_YOUR INSTRUCTIONS:_ Print verbatim the lines from the beginning of the entries through the line containing "A detailed collectible", both ends included. Pictures should be left out.

_SOURCE MATERIAL:_
☆ ☆ ☆ ☆ ☆ ☆ ☆
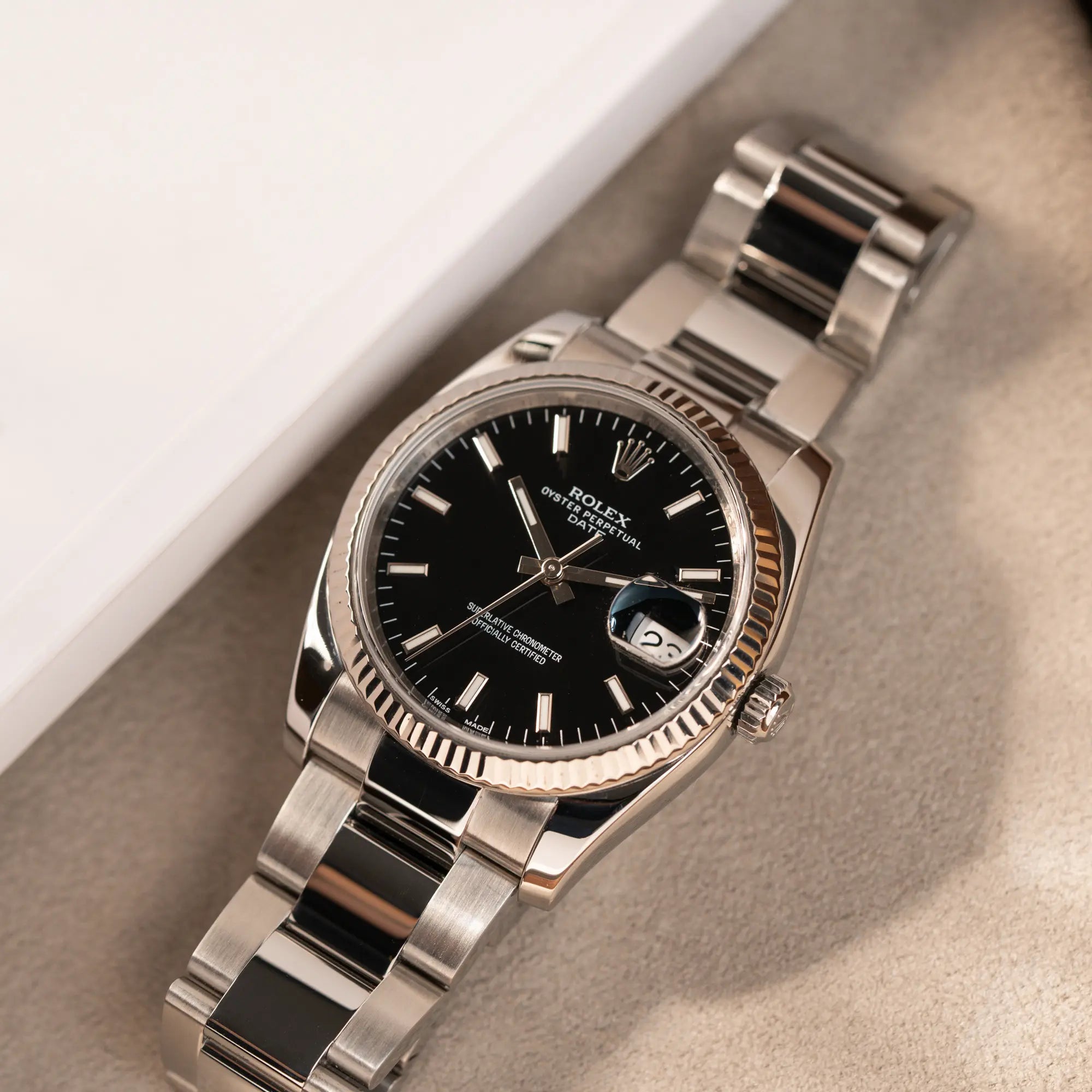 Rolex Oyster Perpetual Date 34 der Referenz 115234 mit schwarzem Zifferblatt und der geriffelten Weißgold-Lünette liegt auf einem Juwelierstablet
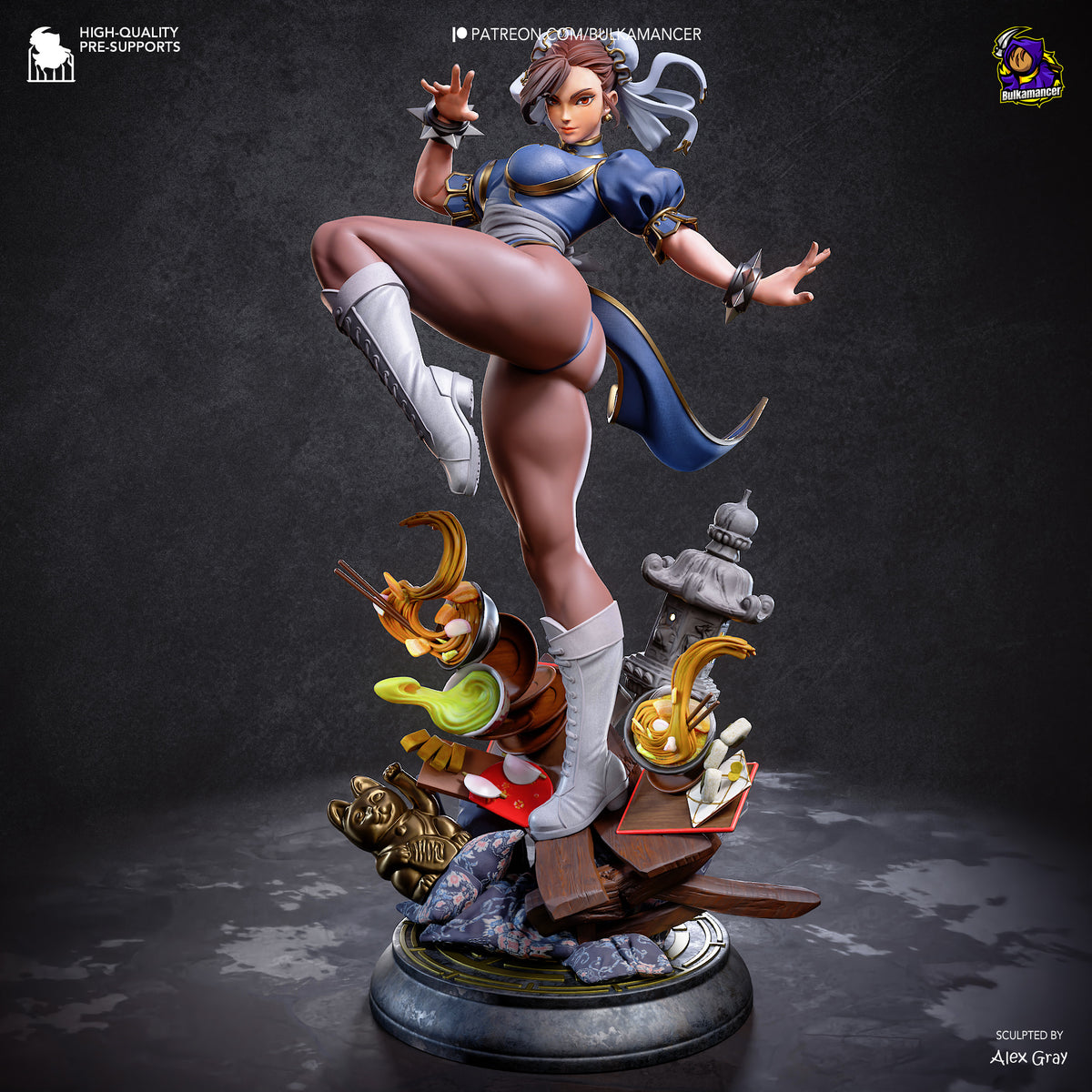 A detailed collectible statue of Chun-Li in a dynamic kicking pose, mounted on a decorative base with a lantern and rocks. The figure wears a blue and white outfit with gray boots and headpiece.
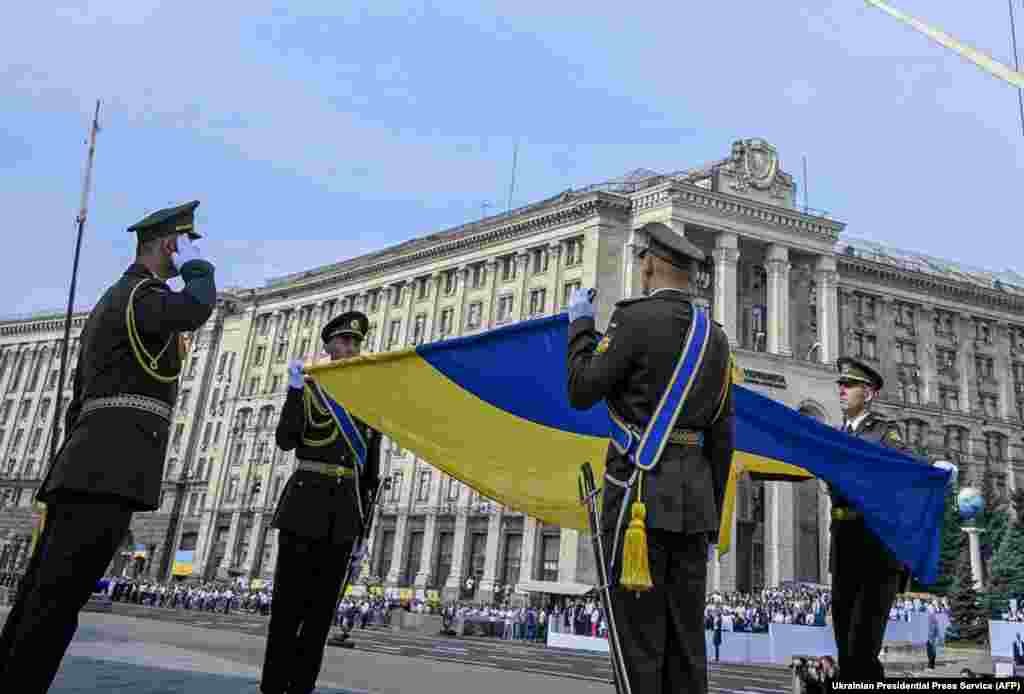 Ukrainian soldiers pay their respects to their national flag in Kyiv on August 24.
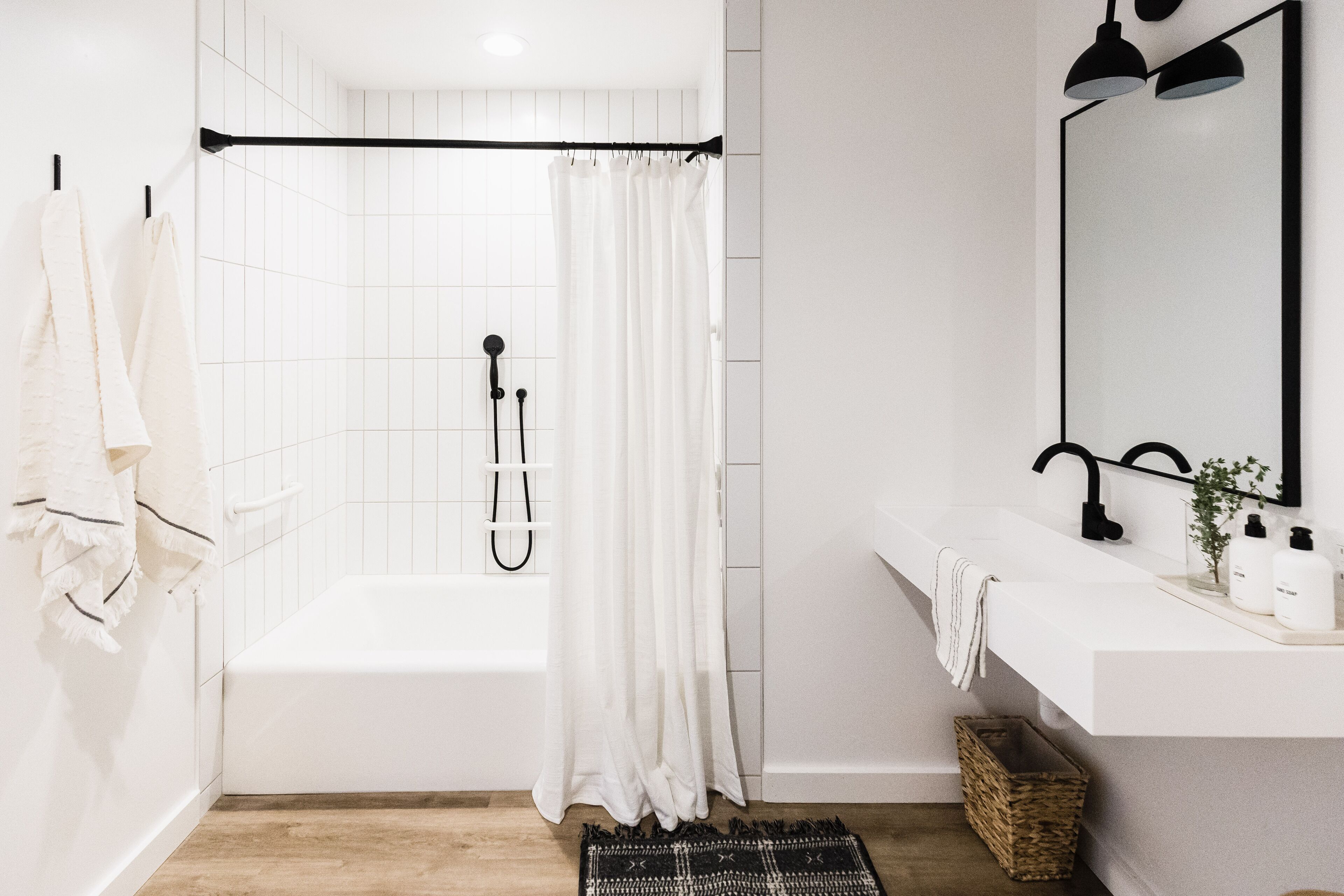 Un baño moderno con una bañera blanca, una cortina de ducha, un lavabo con espejo y una pequeña planta en el mostrador.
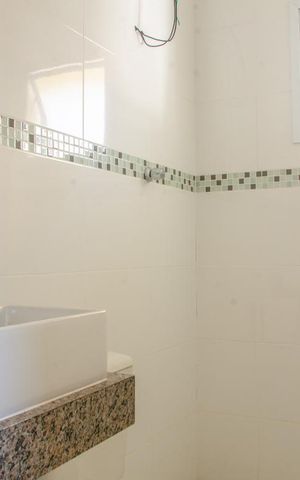 Casa à venda com 105m², 2 quartos e 2 vagas Casa à venda com 105m², 2 quartos e 2 vagasBanheiro da Suíte 2
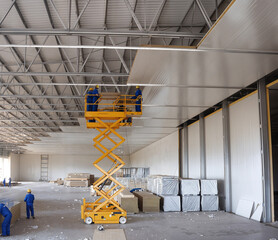 Inside a warehouse, construction workers are installing ceiling panels, teamwork at work.
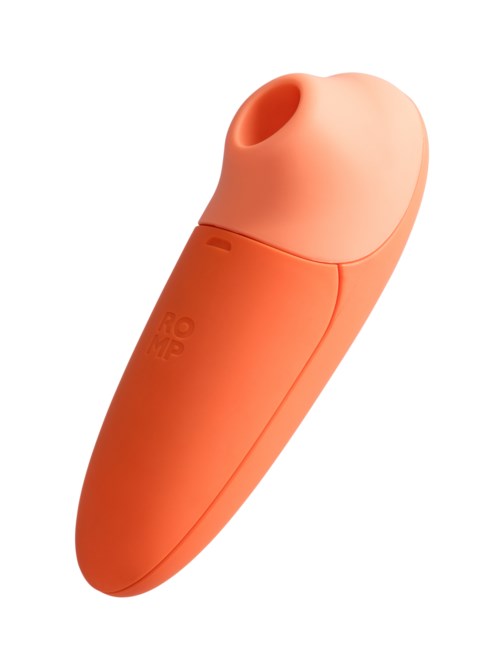 A small, orange device with a rounded top and a hole, likely a personal care or health product.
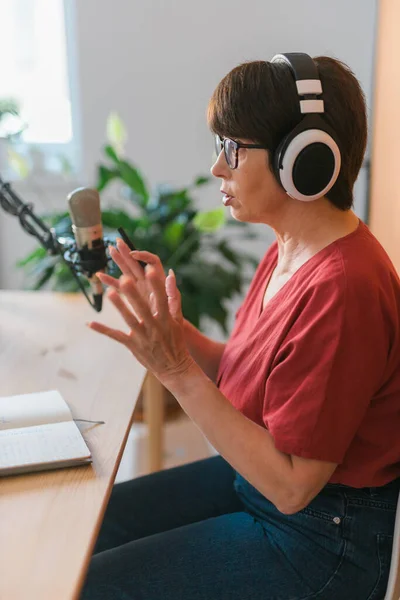 Middle-aged woman radio host making podcast recording for online show - broadcast and dj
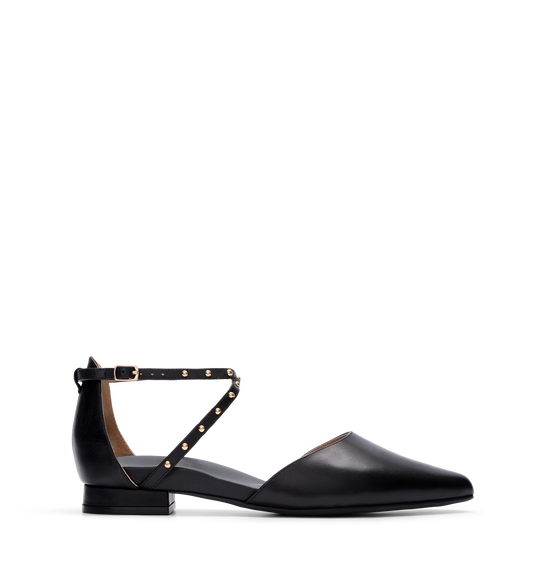 A single black leather flat shoe with an adjustable ankle strap and gold hardware.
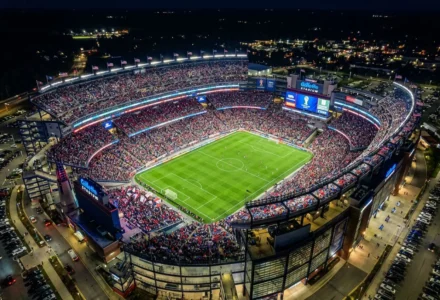 Stade rempli lors d’un match de football nocturne, vue aérienne panoramique du Gillette Stadium avec terrain vert et tribunes bondées pour le duel france maroc football 2026.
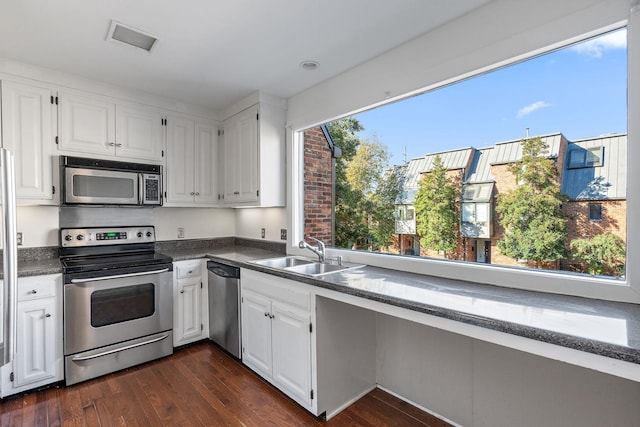 kitchen with dark countertops, appliances with stainless steel finishes, dark wood-style flooring, white cabinetry, and a sink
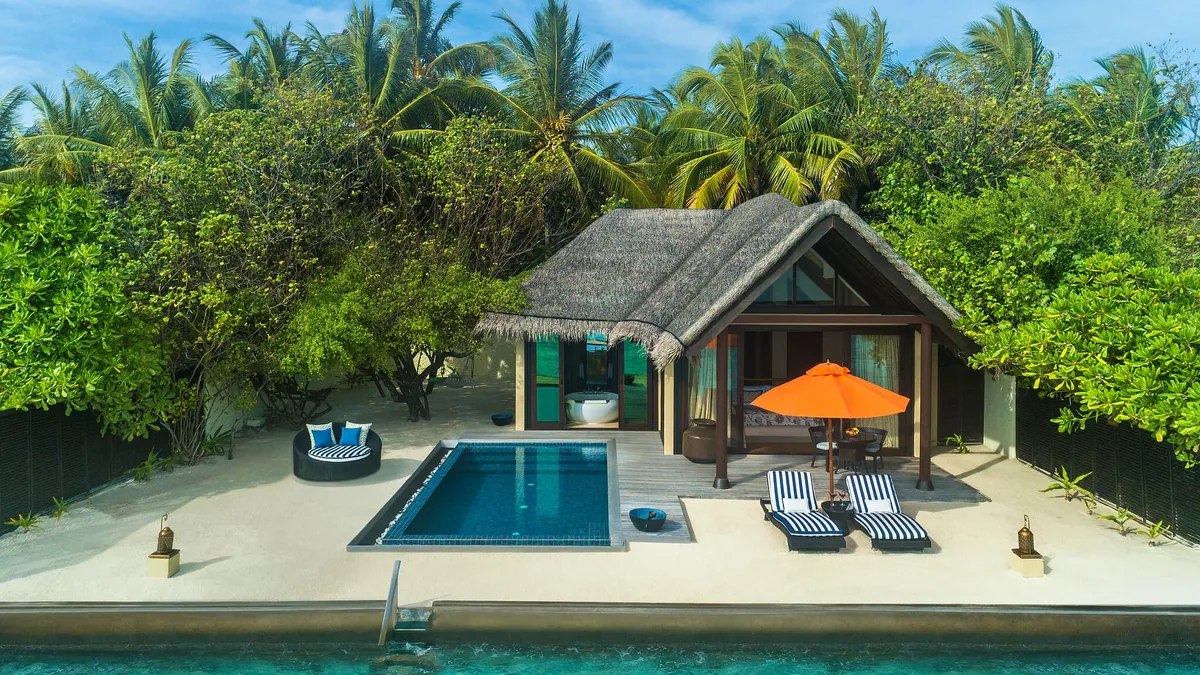 Taj Exotica Resort & Spa, Maldives, villa beach, South Malé Atoll, Maldives, Premium Villa with Pool exterior, a single thatched-roof beach pavilion fronted by a private rectangular pool, orange umbrella with two black-striped loungers, and a dense palm-canopy backdrop.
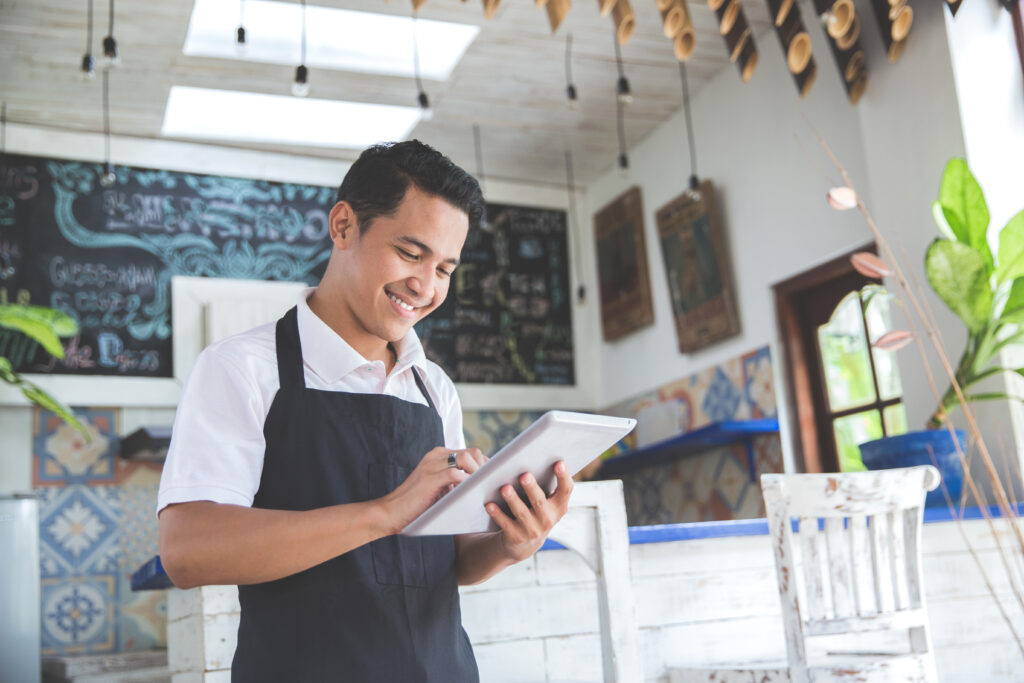 Small Business Owner Smiling at Tablet Small Business Owner Smiling at Tablet
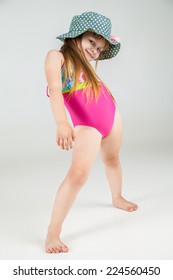 little girls posing in swimsuits and hat in studio. Fashion shot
☆ ☆ ☆ ☆ ☆ ☆ ☆
_RESPONSE TO THIS TASK:_
 Rolex Oyster Perpetual Date 34 der Referenz 115234 mit schwarzem Zifferblatt und der geriffelten Weißgold-Lünette liegt auf einem Juwelierstablet
 A detailed collectible statue of Chun-Li in a dynamic kicking pose, mounted on a decorative base with a lantern and rocks. The figure wears a blue and white outfit with gray boots and headpiece.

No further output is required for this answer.